### Directions
With pictures left out, output exactly the lines of the listing below from the line that has "Audi A5 8T 8F" to the line that has "Andritz vd Joachim", both lines kept.

### Data extracts
------------------------------------------------------------------------
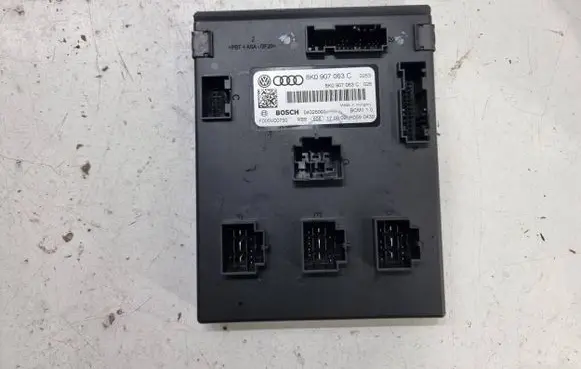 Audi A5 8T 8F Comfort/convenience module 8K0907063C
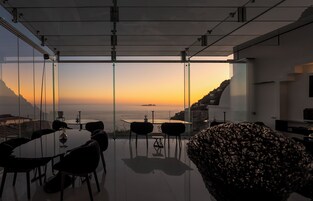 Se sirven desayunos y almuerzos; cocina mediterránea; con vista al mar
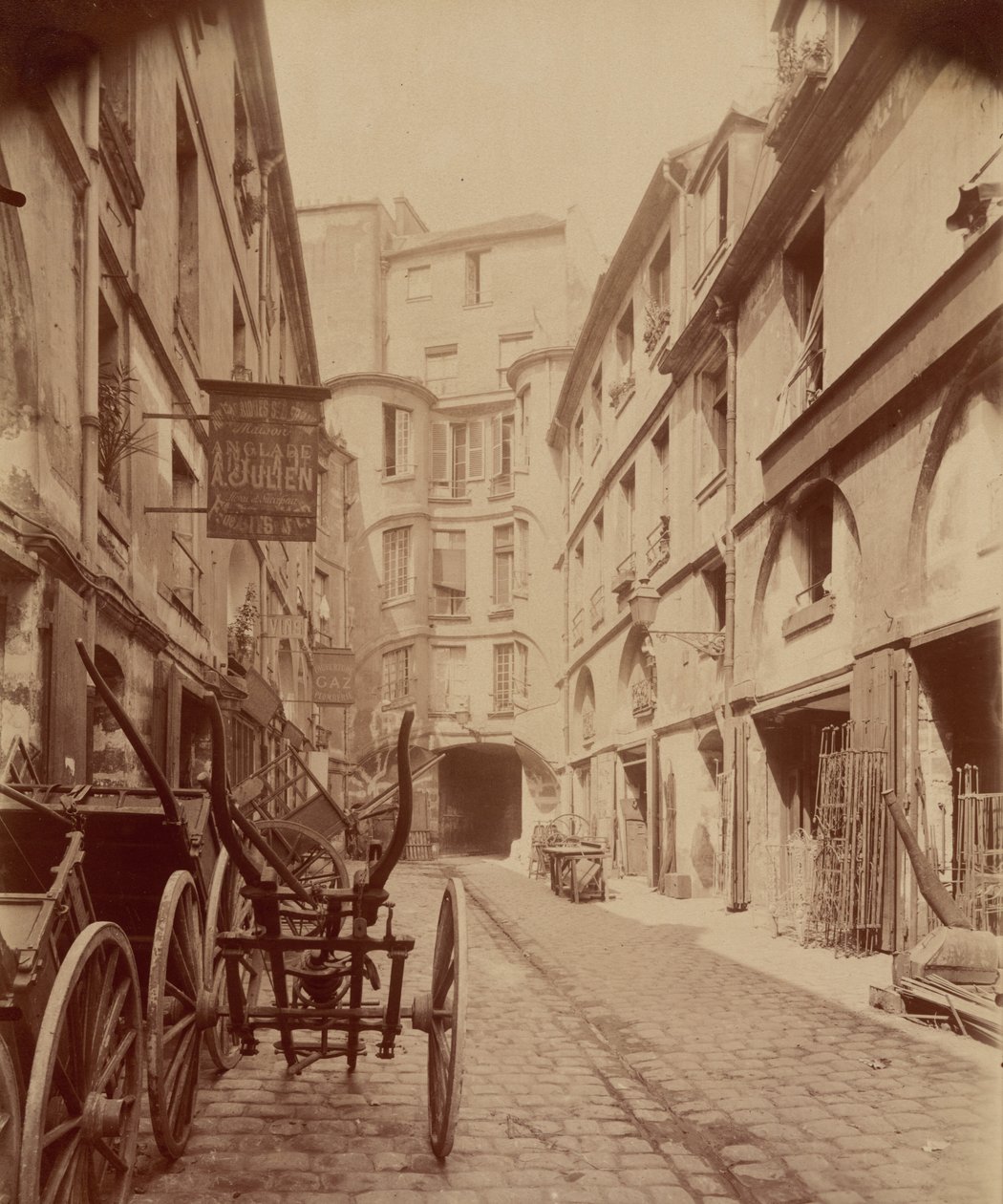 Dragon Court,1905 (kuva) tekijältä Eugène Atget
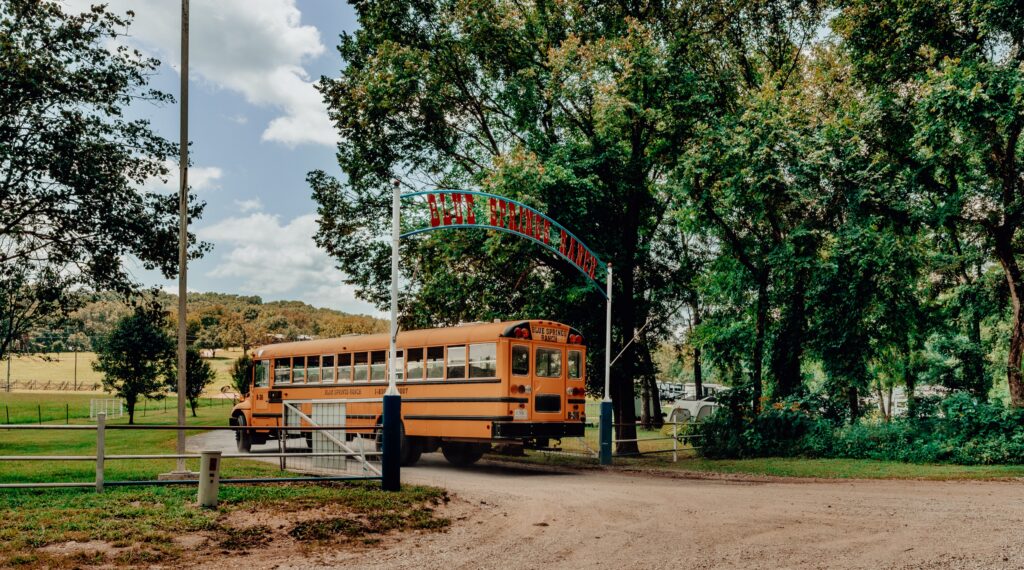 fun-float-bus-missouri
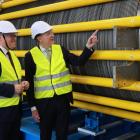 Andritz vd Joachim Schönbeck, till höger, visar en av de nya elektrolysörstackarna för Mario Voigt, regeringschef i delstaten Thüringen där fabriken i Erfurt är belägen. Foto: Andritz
------------------------------------------------------------------------
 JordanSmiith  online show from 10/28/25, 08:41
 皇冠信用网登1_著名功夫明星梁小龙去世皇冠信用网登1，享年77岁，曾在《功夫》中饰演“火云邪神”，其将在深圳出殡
------------------------------------------------------------------------
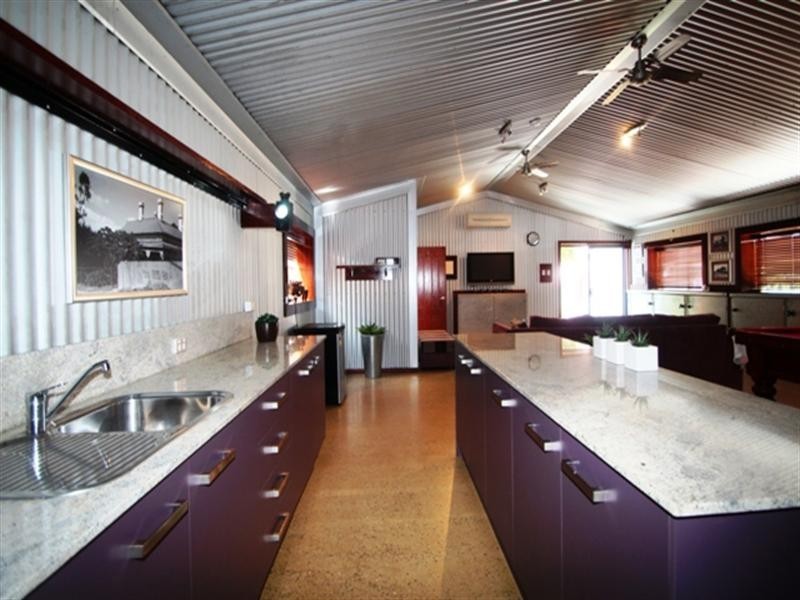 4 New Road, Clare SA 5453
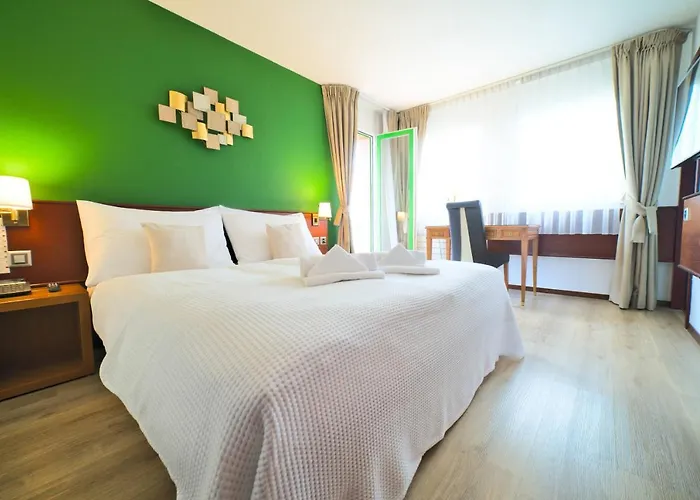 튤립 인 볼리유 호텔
------------------------------------------------------------------------
### Final answer
 Audi A5 8T 8F Comfort/convenience module 8K0907063C
 Se sirven desayunos y almuerzos; cocina mediterránea; con vista al mar
 Dragon Court,1905 (kuva) tekijältä Eugène Atget
 fun-float-bus-missouri
 Andritz vd Joachim Schönbeck, till höger, visar en av de nya elektrolysörstackarna för Mario Voigt, regeringschef i delstaten Thüringen där fabriken i Erfurt är belägen. Foto: Andritz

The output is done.